К сходным выводам, как по следам Боаса, так и независимо от него, в XX веке приходили и другие исследователи. Вот что в начале 1940-х годов писал этнограф Джордж Фостер по поводу фольклора мексиканских индейцев (Journal of American Folklore, vol. 58):

Изучение бытующих в Мексике достаточно длинных повествований чаще всего показывает, что в них нельзя обнаружить фабульное ядро, вокруг которого были бы сгруппированы сопутствующие элементы. Скорее создается впечатление, что широко распространенные фольклорные мотивы скомпонованы на месте самым различным образом… Иногда похоже на то, как если бы рассказчик запускал руку в мешок с мотивами, вытаскивал наугад пригоршню и сплетал бы из того, что достал, некий текст. Иногда эпизоды встречаются группами, по-видимому распространившись из первоначального источника в подобном связанном состоянии. Далее они способны как разделяться, так и оставаться вместе.

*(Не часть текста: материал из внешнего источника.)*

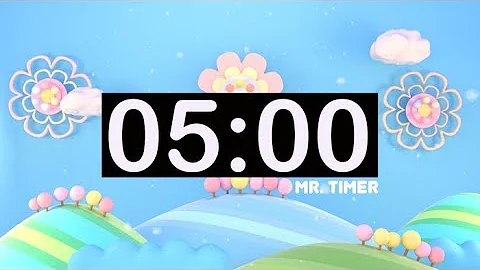 5 Minute Countdown Timer with Music For Kids!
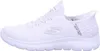 A side view of a white Skechers shoe. Produktbild-Vorschau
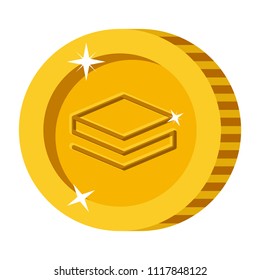 cryptocurrency stratis coin isolated icon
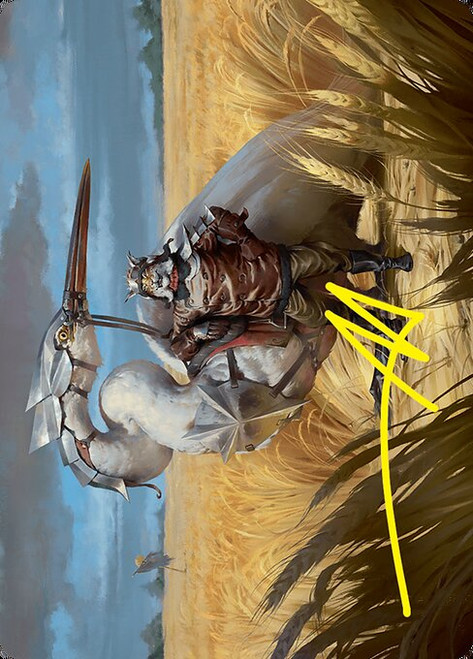 Skyknight Squire // Skyknight Squire (AFDN) (Foil) (Borderless) (#4)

Представление о том, что сложные мифы довольно легко возникают и распадаются на составляющие их более устойчивые элементы и что даже близкие по культуре народы по-разному осмысляют одни и те же сюжеты, находится в непримиримом противоречии с любыми теориями, которые признаны объяснить возникновение и формирование целостных мифов. Прав либо Боас, либо Леви-Строс, Дандес, Пропп, Фрэзер, Кассирер – не важно даже, кто именно. Соединить структуралистский и фрейдистский подходы к мифологии, теорию тропов и эволюционизм, «архетипы» и солярно-лунарную интерпретацию Макса Мюллера при желании можно. Но сочетать любую из этих теорий с предположением, что за возникновением мифов не стоит вообще никакой конкретной причины, что они сплавлены из фрагментов, случайно оказавшихся в репертуаре носителей фольклорной традиции – это действительно невыполнимо.